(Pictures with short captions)
★ ★ ★ ★

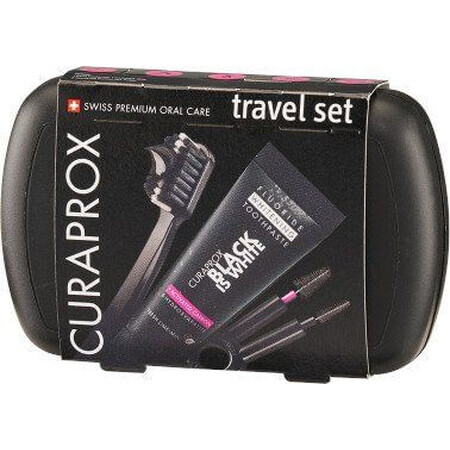 Curaprox Black Is White travel set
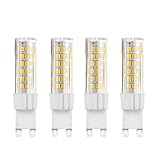Bogao G9 Base 75-SMD 2835 7W LED Light Bulb, 3000K (warm White) 500-550LM, Equivalent to 60W Halogen Lamp Replacement, AC 110V-130V, 360 Omni-direction Beam Angle, Non-dimmable Pack of 4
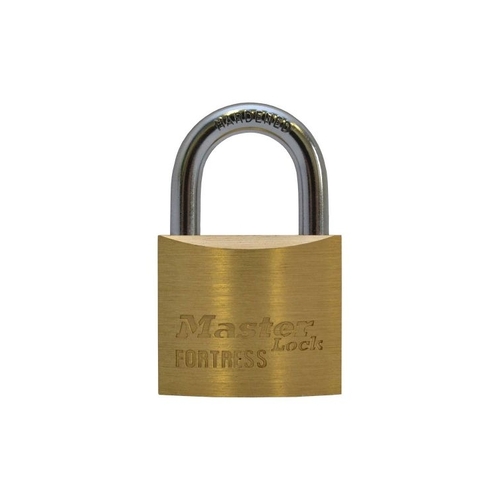 Master Lock Padlock Brass Medium Security Extended Hardened Shackle 40mm FM1840DLFAU Master Lock 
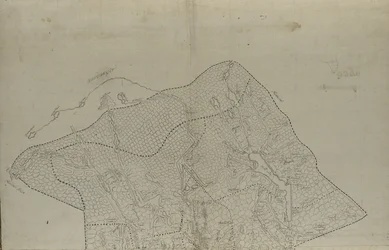 地図は手描き（1780年頃）で、テレマークが表示されています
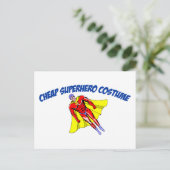 Cheap Superheld Costume Briefkaart (Staand voorkant)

★ ★ ★ ★

• _REQUIRED WORK_
Every line above should be retyped exactly; the pictures do not belong in the copy.

• _ANSWER TO THE EXERCISE_
 Curaprox Black Is White travel set
Bogao G9 Base 75-SMD 2835 7W LED Light Bulb, 3000K (warm White) 500-550LM, Equivalent to 60W Halogen Lamp Replacement, AC 110V-130V, 360 Omni-direction Beam Angle, Non-dimmable Pack of 4
 Master Lock Padlock Brass Medium Security Extended Hardened Shackle 40mm FM1840DLFAU Master Lock 
 地図は手描き（1780年頃）で、テレマークが表示されています
 Cheap Superheld Costume Briefkaart (Staand voorkant)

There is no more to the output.